Data storage space for system backups

You will also probably design an NNMi with regular backups, which have to be stored in some external data storage. Consider a dedicated safe data storage place for your backups.

Infrastructure device naming convention

Another recommended, but not necessary, task is to make sure that your managed nodes follow your infrastructure's naming convention. There is no technical limitation and NNMi will work in either of the following ways:

  • No naming convention at all

  • Device names were changed after NNMi completed node discovery

  • Naming convention was applied before NNMi implementation

This recommendation is about your own convenience. First of all, you will need to make sure that node names have changed in NNMi after you changed them on managed devices. Then, if you have used some long-term data for analysis, name changes will make a mess in your reports. If you have implemented some integration with third party tools on your own, you may have some integration issues if your API wasn't designed to be ready for node name changes.

Licensing policy

NNMi is licensed by discovered nodes. One node-one license and it doesn't matter whether it is a switch with several dozens of interfaces or just a workstation with one network interface. It is a good practice to design the network discovery to discover only nodes which are needed to monitor and avoid any additional nodes as much as possible, for the following reasons:

  • You may reach your license limit very fast. Please be aware that unlike NNMi 7.x and its previous versions, NNMi 8.x and newer do not discover any additional nodes when the license limit is reached.

  • The more devices that are being polled, the more the server is loaded. In other words, by monitoring unnecessary nodes, either the server works slower, or extra hardware is purchased for upgrades to maintain system performance.

Also, keep in mind that NNMi counts nodes that are discovered. So even if you have set a node to an unmanaged mode, it is still counted against licensing policy.

NNMi installation comes with a 250 nodes license for 30 days, and it includes NNMi Advanced and NNMi iSPI NET features for the same period of time.
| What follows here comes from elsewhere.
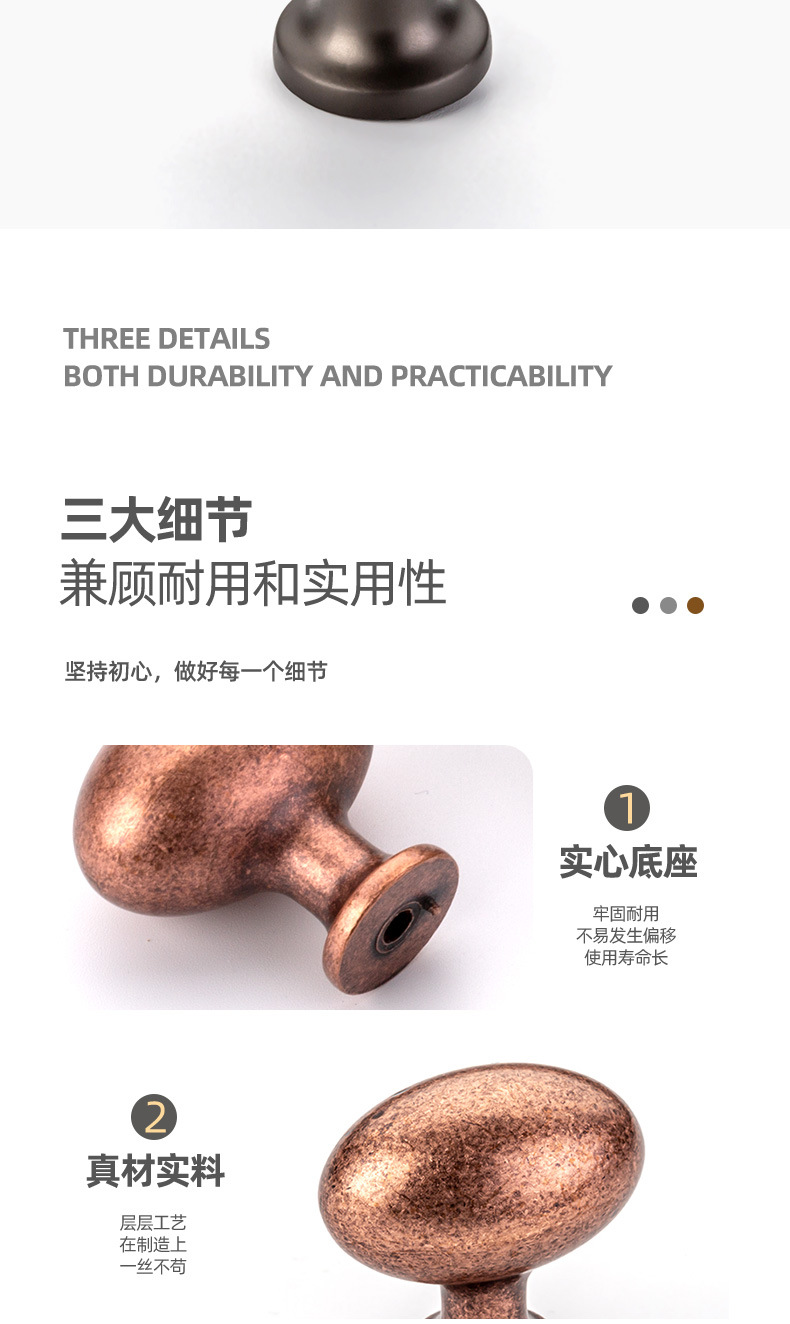 意式法式高端轻奢多色衣柜把手银色电镀家具抽屉柜门单孔小拉手详情6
You don't need to reinstall NNMi if you have decided to add your permanent license on top of the trial version, even if your permanent license has the standard edition.

To check what license is installed currently, go to Help | About HP Network Node Manager i-series:

Licenses are sold by 50 node incremental, that is, if you monitor 125 nodes, you need 3 by 50 nodes licenses. As soon as the amount of your discovered nodes is over 150, you will need additional 50 nodes licenses (even if you have just one node over; that is, 151 nodes require 200 nodes licenses).

iSPIs are licensed separately and each of them has its own licensing policy. Read each iSPI's release note when you size your system or contact HP representatives if you need assistance counting required iSPI license capacity.